12 de out. de 2015

Conto: "Luz na passarela"


"Luz na passarela"


  A vida estava sorrindo para Estela. Com sua aparência delicada, olhos azuis e cabelos loiros herdados pela descendência ariana, a moça chamava atenção de todos, o que rendeu a ela o prêmio principal de um concurso de beleza na sua cidadezinha, encravada no meio da serra gaúcha. A menina era esguia, elegante, e andava na rua com desenvoltura de Top Model, sendo que logo apareceram os primeiros empresários oferecendo-lhe assessoria para a promissora carreira de modelo. Ainda estudando, Estela aceitou ingressar naquele mundo, pois possuía beleza e dom inquestionáveis. Mas como tudo não é perfeito, a moça tinha dois defeitos graves: uma arrogância só dela, e um preconceito racial herdado sabe-se lá de quem, oriundo sabe-se lá de onde.

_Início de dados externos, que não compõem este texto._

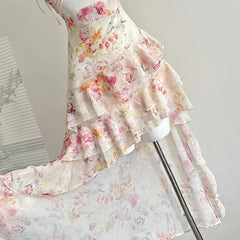 Cyflymder  Summer Women Birthday Prom Cami Dress Midi Coquette French Vintage Hollow Out Vacation Frock Evening One-Piece Party Aesthetic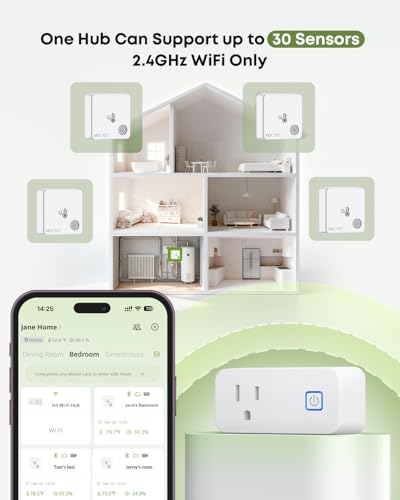 MOCREO WiFi Room Thermometer Hygrometer, Remote App Email Alert, 2 Years Data Export, 2 Years Battery, No Subscription, Wireless Temperature Humidity Sensor for Bedroom, Greenhouse, Basement - style: 1 sensor + H3 hub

  Mas os defeitos não conseguiam atrapalhar a prosperidade. Estela mudou-se para Porto Alegre, onde concorreu ao prêmio de Miss Rio Grande do Sul, vencido com justiça, tamanha a sua habilidade na arte de desfilar. Estela parecia uma pluma loura flutuando na passarela, enchendo de orgulho a família, encantando público e jurados. Alugou um apartamento na capital gaúcha, prosseguiu os estudos, conciliando-os com a nova profissão. Apareceram neste meio tempo inúmeros trabalhos em revistas, catálogos, novos desfiles e muitas fotos em outdoors nas ruas de Porto Alegre.

  De vez em quando passeava na cidadezinha onde nasceu, passando um ou outro final de semana no sítio dos avós, onde adorava cavalgar. Nestes passeios, mostrou-se inebriada pela fama, tratando com desprezo os empregados do sítio, que perceberam que sua arrogância havia crescido na proporção do seu sucesso. A moça estava insuportável.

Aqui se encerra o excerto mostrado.